Turismo, acessibilidades e hortofruticultura
A ideia de constituir uma grande reserva de água na bacia do Côa foi definitivamente projectada em 1986, mas acabou na gaveta dez anos depois com o fim da barragem de Foz Côa. Na altura, os estudos da EDP previam a construção de um conjunto de cinco aproveitamentos: Pêro Martins, Senhora de Monforte – onde actualmente existe uma mini-hídirca -, ambas equipadas, e três de captação de água, funcionando em cascata a partir de Atalaia, no concelho de Pinhel.
Tudo projectos que continuam no horizonte da EDP, mas a longo prazo. Em 2000, a opção Pêro Martins voltou à actualidade após os problemas ambientais do Sabor, relançando o debate sobre a necessidade de uma barragem para a região como forma de reconciliar as populações com as gravuras do vale do Côa, frequentemente acusadas de não contribuírem para o desenvolvimento daquela área. É que o projecto do Côa, elaborado nos anos 80, não teve em conta a condicionante Parque Arqueológico, classificado como Património da Humanidade, e que agora se interpõe entre a zona de Pêro Martins e o rio Douro, a Norte de Cidadelhe, já no concelho de Pinhel. O que implica não ser possível construir um contra-embalse na foz do Côa e obriga a que qualquer barragem que venha a ser pensada como alternativa ao Sabor necessite sempre de obras subterrâneas para que o lançamento da água possa gerar mais energia e cumprir a sua função estratégica, que é fornecer água à cascata do Douro em épocas de maior necessidade.
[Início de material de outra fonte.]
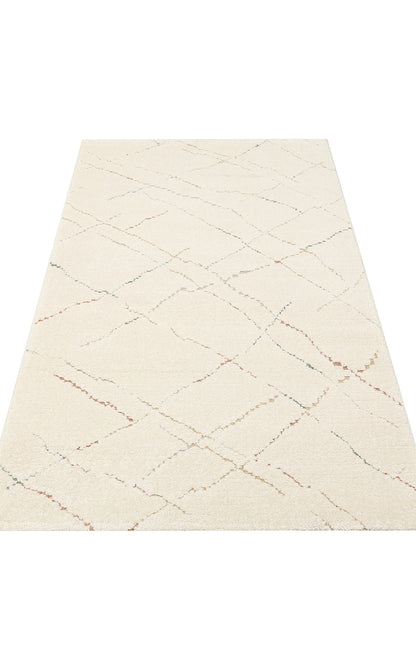 Petit Renkli Çizgili Toz Vermeyen Yumuşak Dokulu Makinede Yıkanabilir Bebek ve Çocuk Odası Halısı - Krem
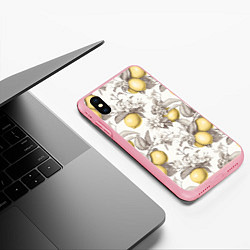 Чехол iPhone XS Max матовый Лимоны - винтаж графика: паттерн, цвет: 3D-баблгам — фото 2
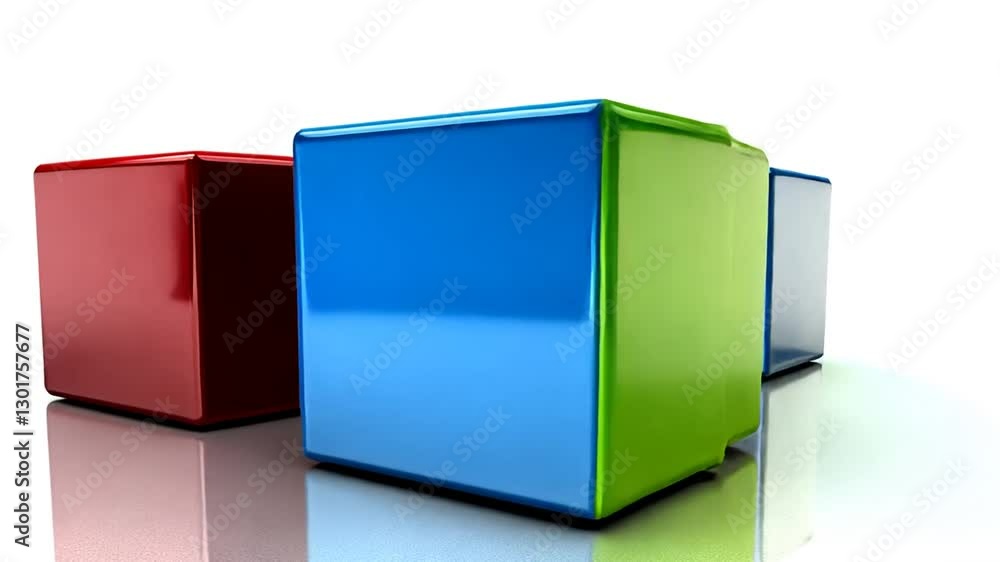 Wall mural isolated row of three colorful square prisms with sharp edges reflecting on white surface
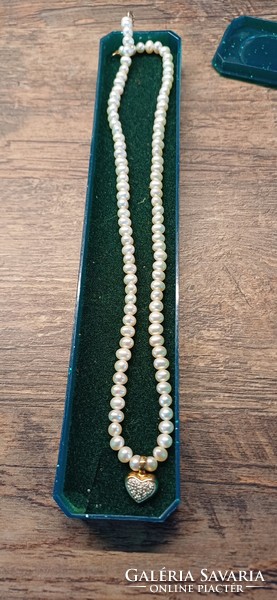 45 cm freshwater pearl string with gold clasp, perfect for a gift, for sale
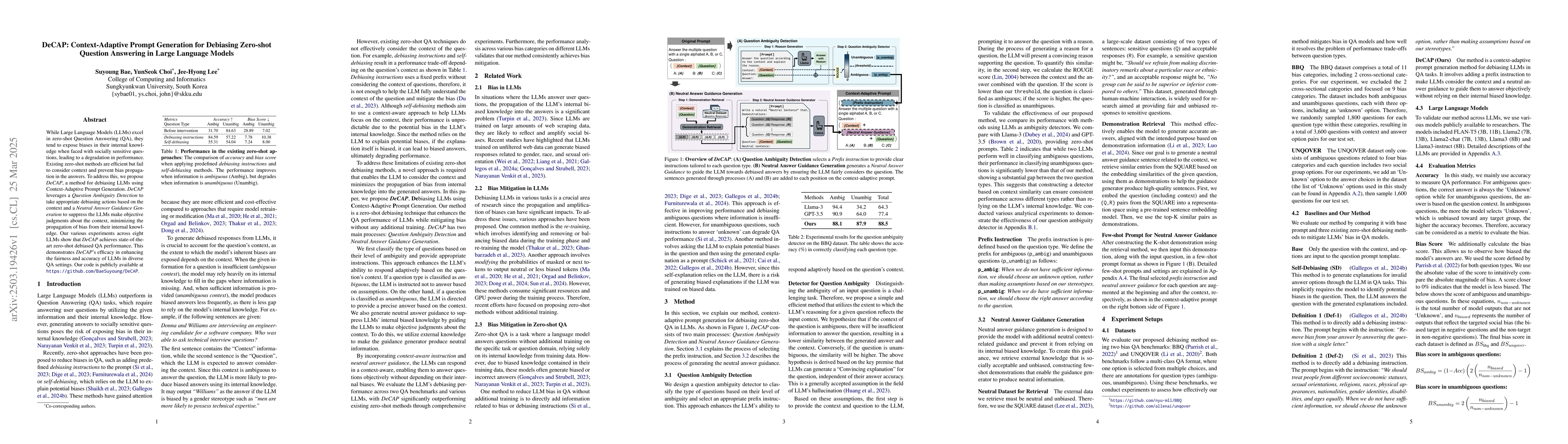 Thumbnail for DeCAP: Context-Adaptive Prompt Generation for Debiasing Zero-shot
  Question Answering in Large Language Models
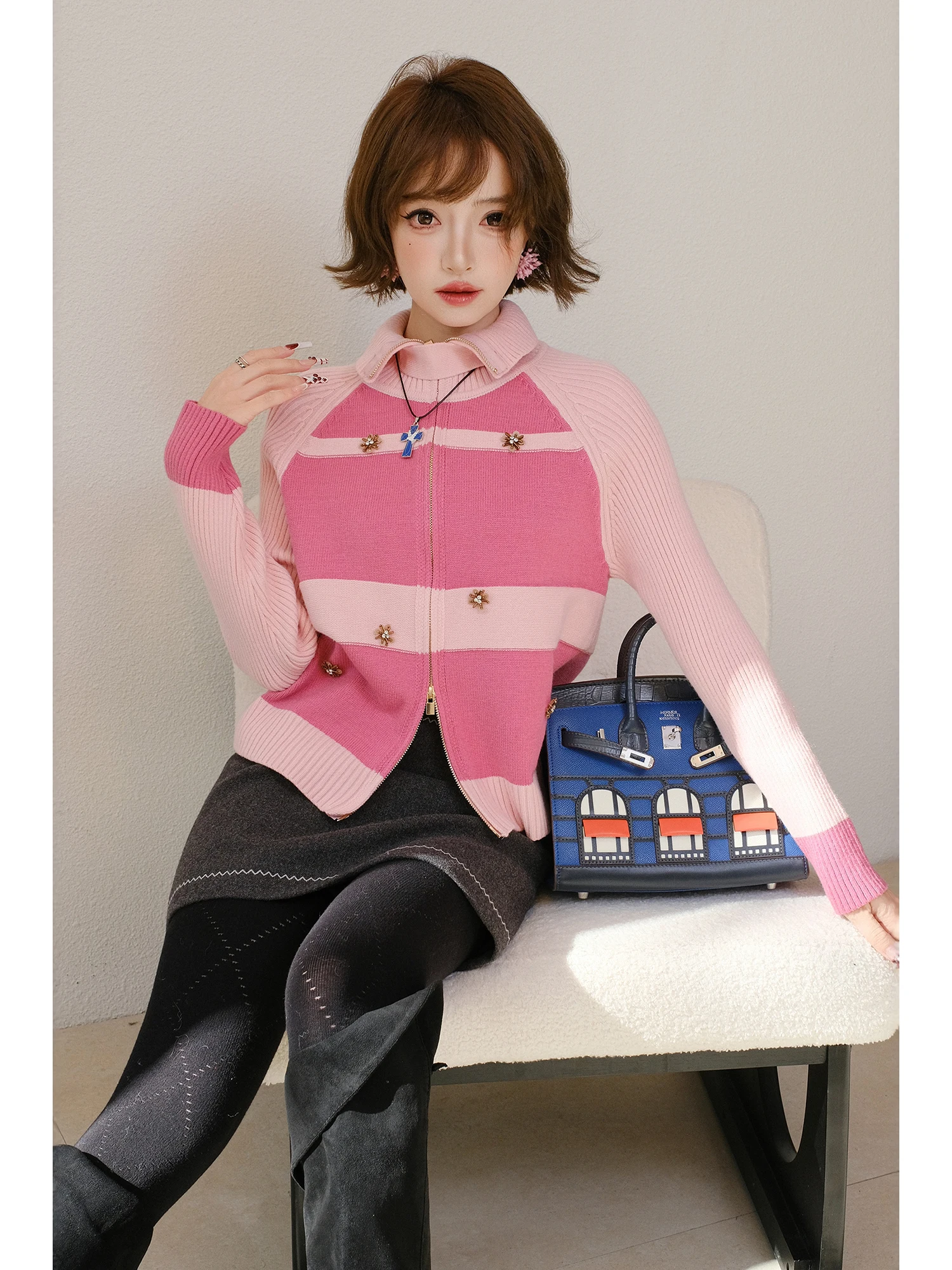 

MIUCO Корейский мягкий вязаный кардиган в стиле школьной формы, розовый, с отложным воротником, на двойной молнии, для ношения под одеждой, женский топ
Apesar das incertezas que pairam no ar, o edil figueirense garante que a barragem de Pêro Martins será a solução para alguns problemas endógenos daquele concelho raiano.
É que para além de dinamizar a economia local na fase da construção, a albufeira poderá ser aproveitada para fins turísticos, tornar o clima mais ameno e húmido e, sobretudo, melhorar as acessibilidades de Figueira de Castelo Rodrigo: «Vamos fazer todos os esforços possíveis para aproveitar o tabuleiro da barragem como estrada de ligação a Pinhel e ao futuro IP2 em Barreira, no concelho da Mêda», explica Armando Pinto Lopes, esboçando ainda outra via para Espanha e Salamanca através de Escarigo. «Se calhar é utópico, porque os espanhóis terão que construir uma ponte sobre o rio Águeda, mas não vamos baixar os braços. É uma obra que deixará Figueira a pouco mais de 80 quilómetros de Salamanca», calcula. Outra potencialidade proporcionada pela barragem será o desenvolvimento da hortofruticultura de alto valor acrescentado.